# Block dropped on a spring

1. Mar 1, 2006

### scavok

A 2.8 kg block is dropped from a height of 5.8 m (above the top of the spring) onto a spring of spring constant 3955 N/m. Find the speed of the block when the compression of the spring is 15.0 cm.

x=0.15m
k=3955N/m
m=2.8kg

Einitial mech=Efinal mech

Usi+Ugi+Ki=Usf+Ugf+Kf

Usi=0 because the spring is uncompressed
Ugi=???
Ki=.5mvi2 where $$V_i =sqrt(2g*5.8m)=10.868$$

Usf=.5kx2
Ugf=0 because I can set the height at that point to be 0
Kf=.5mvf2 where we're solving for v

How do I calculate the potential graviational energy?

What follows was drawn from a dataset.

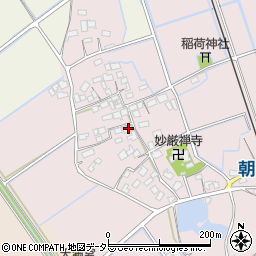 滋賀県東近江市大塚町829周辺の地図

I'm guessing I need to find out how far the block would go if it were allowed to come to a rest, but I get an impossible to solve equation, or maybe I just don't remember what to do.

Block at rest:
Usi+Ugi+Ki=Usf+Ugf+Kf

0+mgx + .5mv2i=.5kx2
x(mg-.5kx)=-.5mvi2
x(27.468-1977.5x)=-165.359
x=???

Last edited: Mar 1, 2006
2. Mar 1, 2006

### DaMastaofFisix

Hey dude, no worries. Though it might seem tacky with the math, you might wanna set you gravitational potential energy to be zero at the equilibrium point of the block-spring system. It's a bit of extra math, but it takes all of two second to calulate. If not, just set the zero point at the point of contact with the springand ignore changes in potential energy (though I could be worng in that assumption). You might wanna rethink this a little bit, but you're on the right track. Just realize tha the mgh at the beginning is all converted when the spring is compressed at .15 meters. In other words, mgh=.5kx^2+.5mv^2, where h is the height above the spring, and x is the compressed length of the spring. Good luck with it dude!

3. Mar 1, 2006

### scavok

Sorry, I still don't have a clue.

4. Mar 2, 2006

### scavok

Just a bump. I finished all my other problems, but I still can't picture what I need to do for this.

5. Mar 2, 2006

### vaishakh

The body is using the stored graavitational potential energy to do the compression on the string. When the body falls, it loses some amount of potential enegy which gets converted to Kinetic energy, i.e. 1/2mv^2 = mgh.
Then this Kinetic enrgy has the impact on spring. Find the work done by the box on the spring when it does the given work on the spring. It loses that much Kietic energy. But gains Kinetic energy by the conversion of potential energy from the height reference level of natural state of spring.

IF YOU DON'T KNOW THE POTENTIAL ENERGY, ONLY CALCULATE THE CHANGE IN THEM.